=== DIRECTIONS FOR THIS TASK ===
From the line containing "VENCE : VILLA" through the last line of the records below, output every line exactly, both ends included, except the pictures.

(Source data)
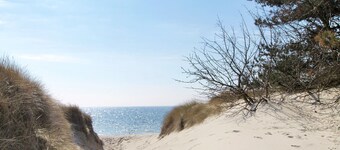 "Eeske" - 800m from the sea by Interhome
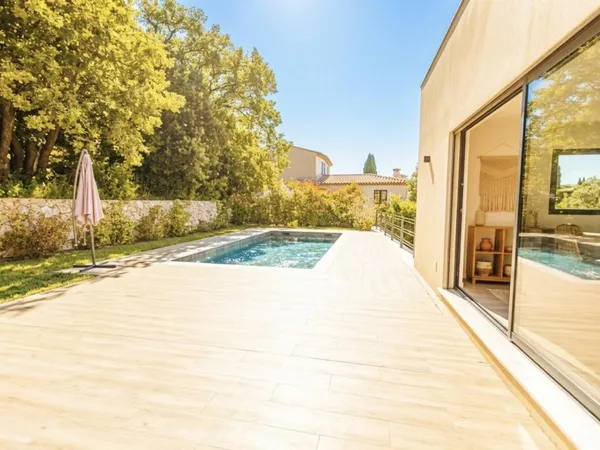 VENCE : VILLA D’EXCEPTION FACE À SAINT-PAUL-DE-VENCE | APERÇU MER | PISCINE | CALME ABSOLU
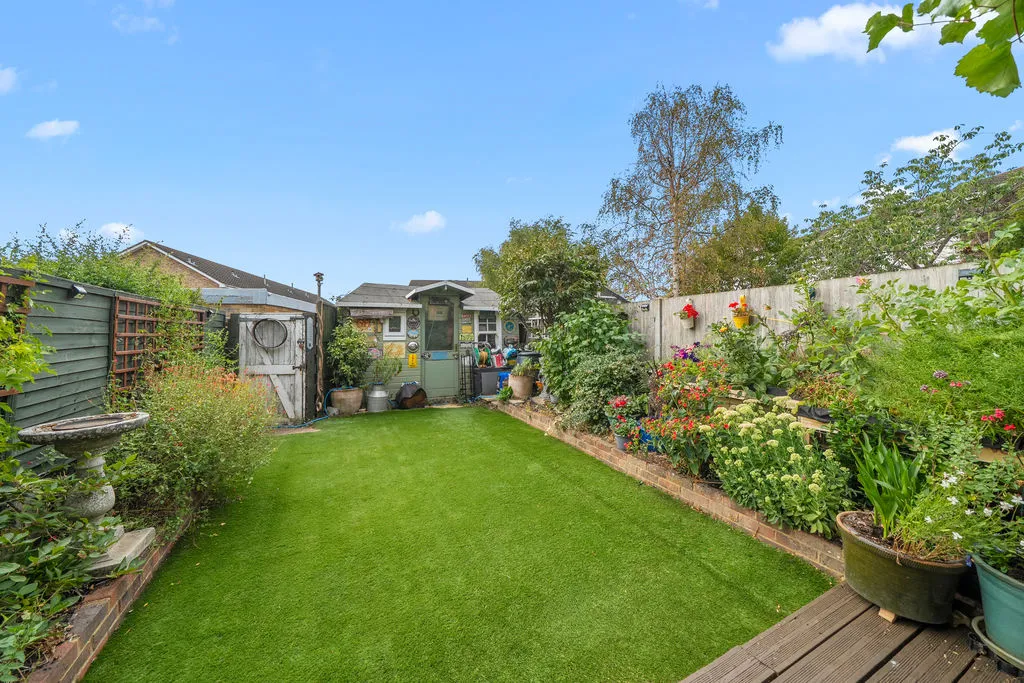 Buckingham Avenue, West Molesey KT8 1TG, photo 17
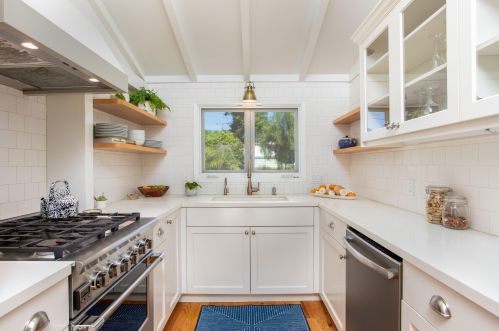 441 Baldwin Rd, Santa Barbara, CA 93105-4106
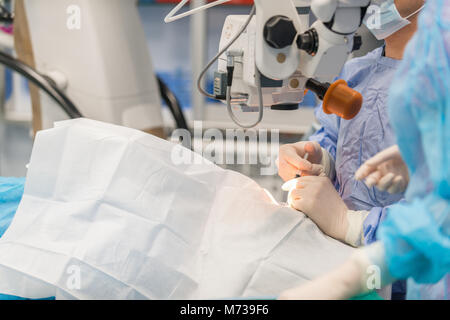 Ärzte sind in den Prozess der Durchführung von Operationen am Auge. Closeup. medizinisches Konzept Stockfoto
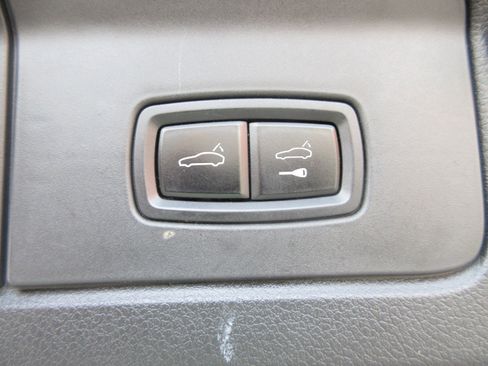 Used 2013 Porsche Panamera S image 66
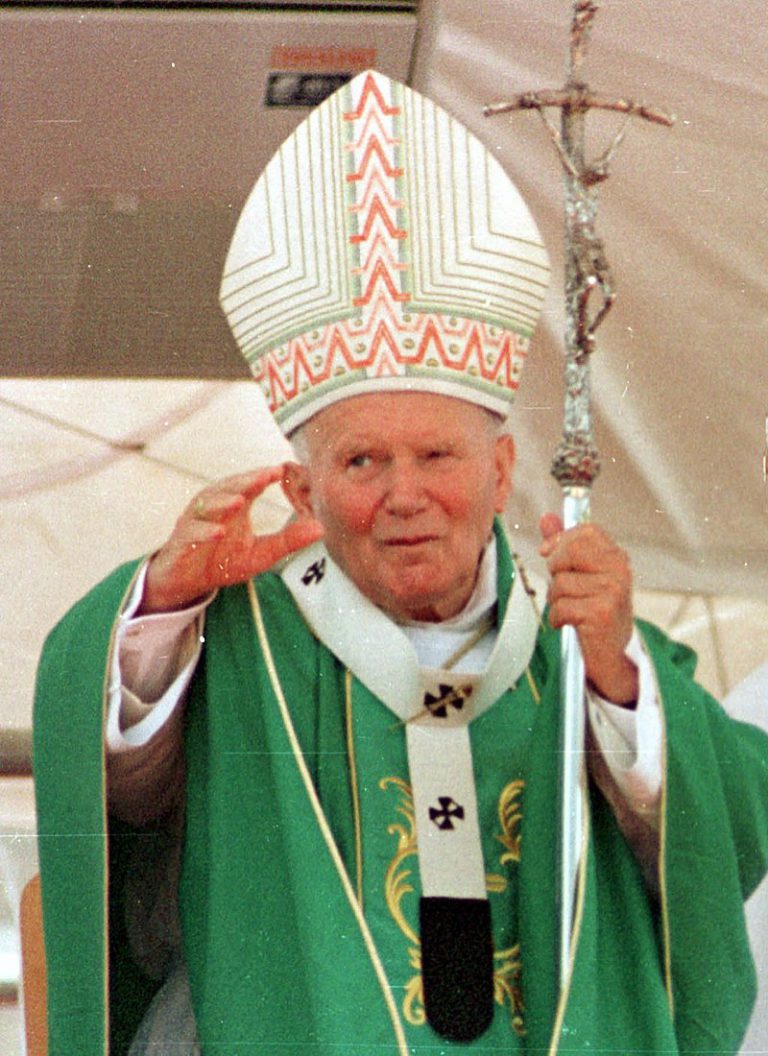 800px-John_Paul_II_Brazil_1997_3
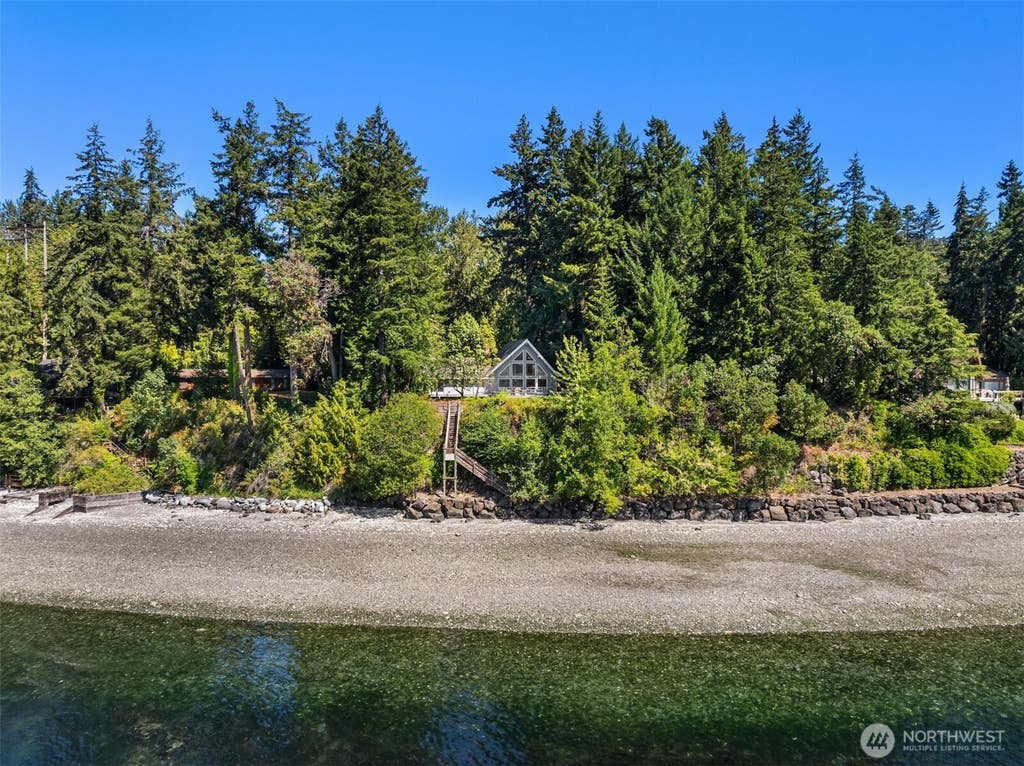 Photo of 16273 Reitan Road NE, Bainbridge Island, WA 98110 (MLS # 2565312)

=== RESULT OF THIS TASK ===
 VENCE : VILLA D’EXCEPTION FACE À SAINT-PAUL-DE-VENCE | APERÇU MER | PISCINE | CALME ABSOLU
 Buckingham Avenue, West Molesey KT8 1TG, photo 17
 441 Baldwin Rd, Santa Barbara, CA 93105-4106
 Ärzte sind in den Prozess der Durchführung von Operationen am Auge. Closeup. medizinisches Konzept Stockfoto
 Used 2013 Porsche Panamera S image 66
 800px-John_Paul_II_Brazil_1997_3
 Photo of 16273 Reitan Road NE, Bainbridge Island, WA 98110 (MLS # 2565312)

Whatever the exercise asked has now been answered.